Lettere e numeri.
Cabalistica di giochi arcaici e moderni che puntualmente tornano ad adornare in carezza raccolta a pugno.
Numeri che significano.
Lettere che ritornano.
Mille. Quattrocento. Sessanta. Giorni. Fa.
Balaustra di marmo bianco, che non assorbe calore da raggio diretto, barocco lo stile a vista distratta, romanico tedesco a osservazione attenta.
Affacciarsi, sbirciare, volere scavalcare per accedere a cortile che a occhio distratto appare come canto di sirena per ape desiderosa di suggere.
Salto.
Tempo, dammi tempo, per osservare bene ogni erba.
Spazio, lasciami spazio per cingermi testa di ghirlande intrecciate ad aghi di pino, per un bagno silvestre che purifichi.
Regalami attimo a comprendere se il tuo tempo è fatto del mio tempo, se sono fratelli di sangue e lacrime e sperma e umore i tuoi istanti a scandire transito in mio attimo arcano.

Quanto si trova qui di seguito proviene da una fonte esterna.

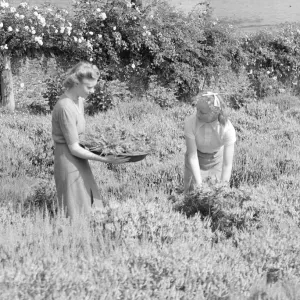 Filles rassemblées pour des épis de blé blanc Front intérieur WW2 Août 1941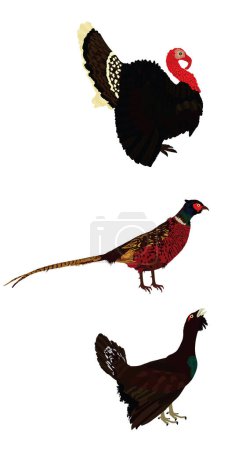 Illustration for Forest and meadow wildlife birds vector illustration isolated on white background. Turkey male, gobbler. Grouse and Pheasant. Bird watching. Plumage in zoo park. Hunting season. - Royalty Free Image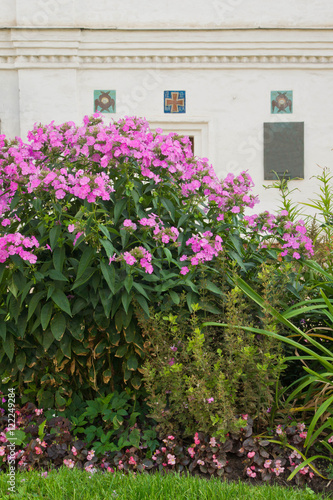 Fototapeta Naklejka Na Ścianę i Meble -  flowers in the park next to the wall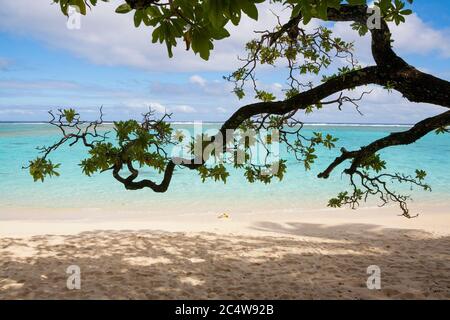 Hêtre du Pacifique Sud sur l'île de Rarotonga avec arbres suspendus. Banque D'Images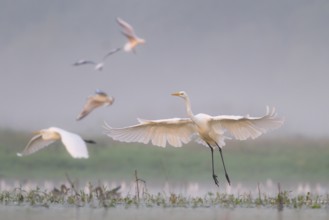 Great Egret (Ardea alba) group flying, Subotica, Serbia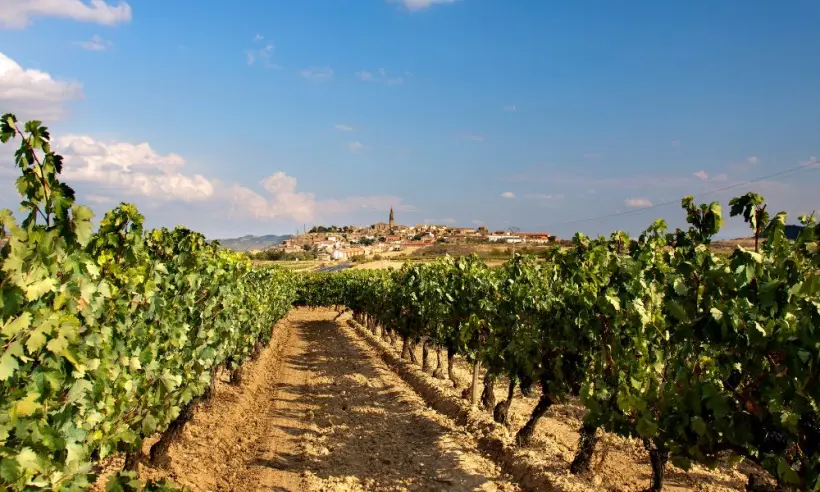 Design ohne Titel (49)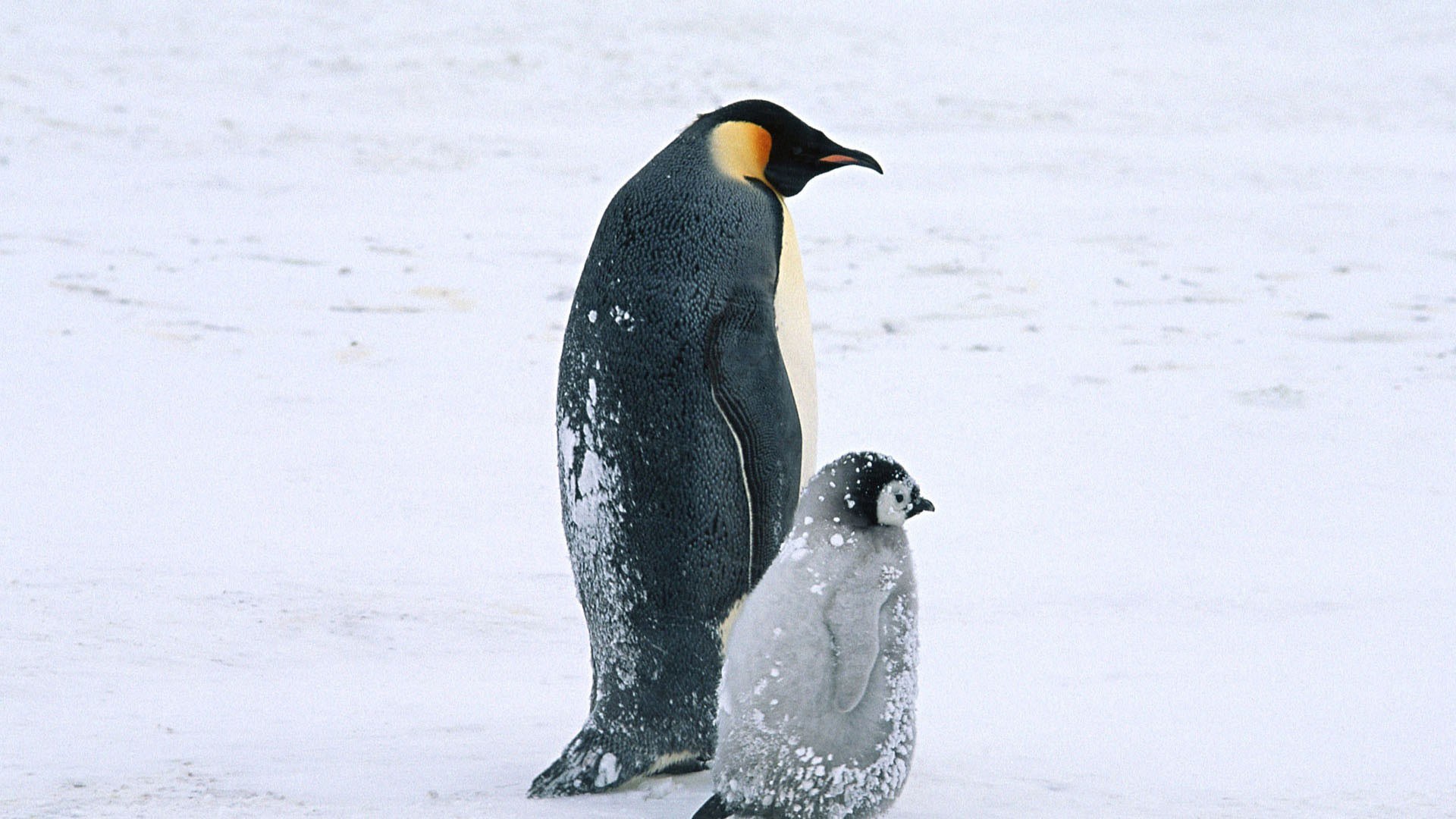 Penguin and chick in snow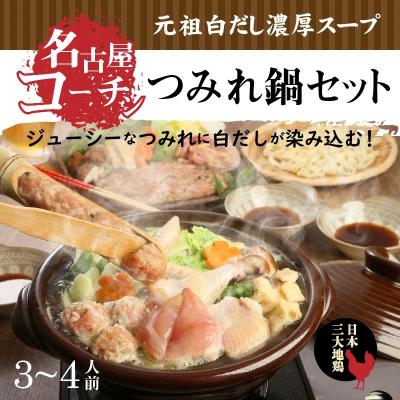 ふるさと納税 碧南市 元祖白だし濃厚スープ 名古屋コーチンつみれ鍋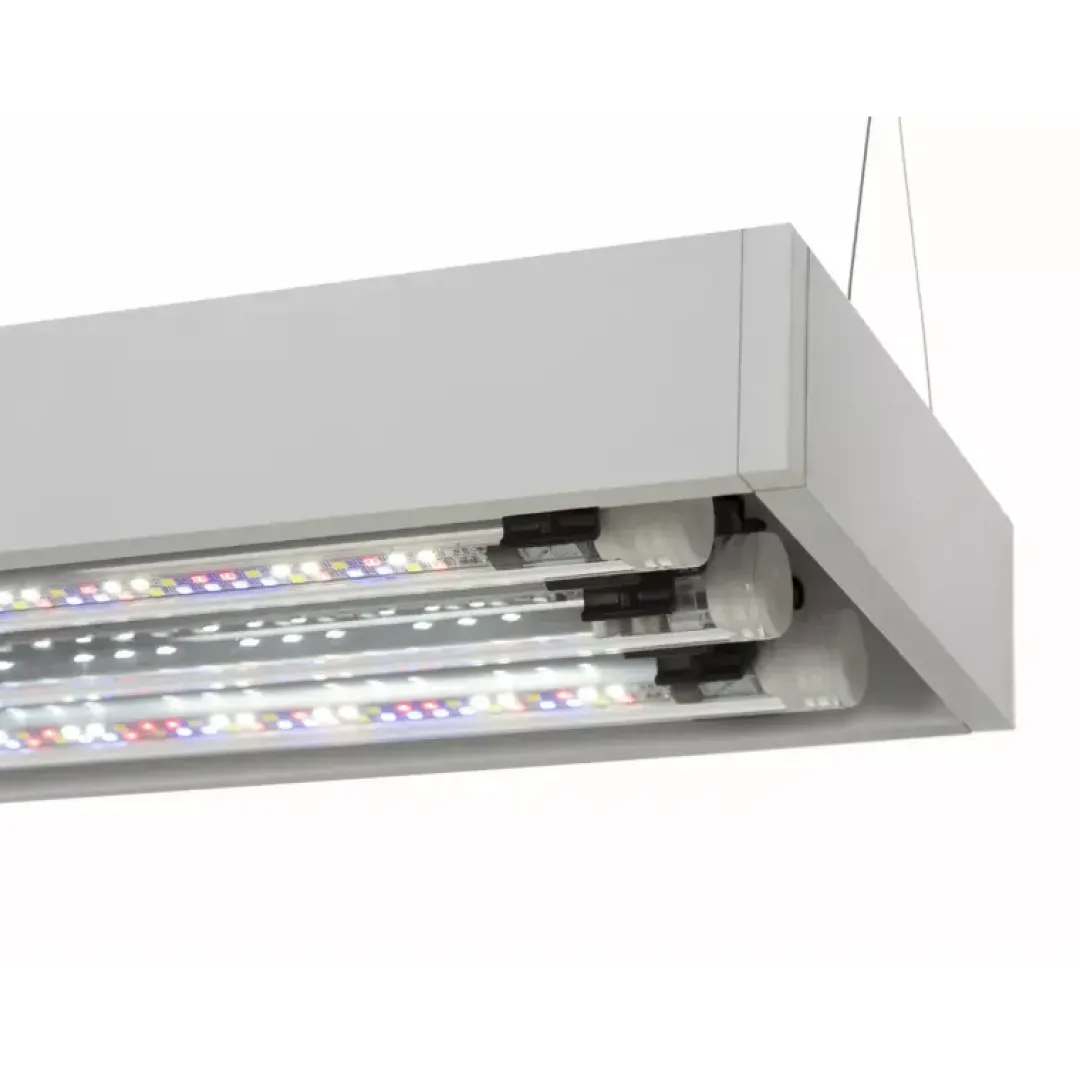 Aquael Akvarie og Lampe Ultra Scape 60 Snow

Scordami la data domani, ché non faccia più male come ieri.
Cambia lettera che ti fu assegnata in fato, gettala nel fiume Lete o seppelliscila sotto radici dell’albero di gelso, falla cadere dal monte Olimpo durante il baccanale per la festa di nozze di Armonia.
Chiedi a Efesto fuoco a forgiarti nuovi contorni a metallo di ghiaccio bollente.
Settecento. Trentatré. Minuti. Fa.
Do ut des, questo, solamente questo.
Aitnàios il combattente è stanco, ferito, deluso, triste.
Vorrebbe consegnare armi e arrendersi ma non lo farà.
Lui è così per dignitosa stirpe e nella potrà piegare spezzare, uccidere, smorzare, abbassare fierezza che storia antica gli impose.
Membra doloranti, muscoli contratti, palpebre pesanti illuminate da perla di sale nata da cuore commosso.
Do ut des.
A chi cerca parola consolatoria, a bocca aperta, in cerca di carezza verbale.
A menti aperte anelanti certezze che non si possono donare perché si è certi solo dell’istante che cesserà di transitare e divenire punto.
Dimenticando il sé che vorrebbe essere dall’altra parte della barricata, a ricevere scordando il dare.
Bacco ha vendemmiato grappoli di parole per lui, vino scuro come la passione che confina identica lettera.
Atena ha parlato al padre, ha tagliato mazzo di Tarocchi, ne è uscito l’eremita.
Stesso numero. Stessa lettera nel Trionfo.
Il libro della Cabala non spiega coincidenza, allarga pagine come braccia e si abbandona, arreso e indifeso, alle penne forgiate da Efesto nelle grotte dei Ciclopi.
Le stelle, in alto, vegliano cuscini bagnati dalle fontane ad abbeverare.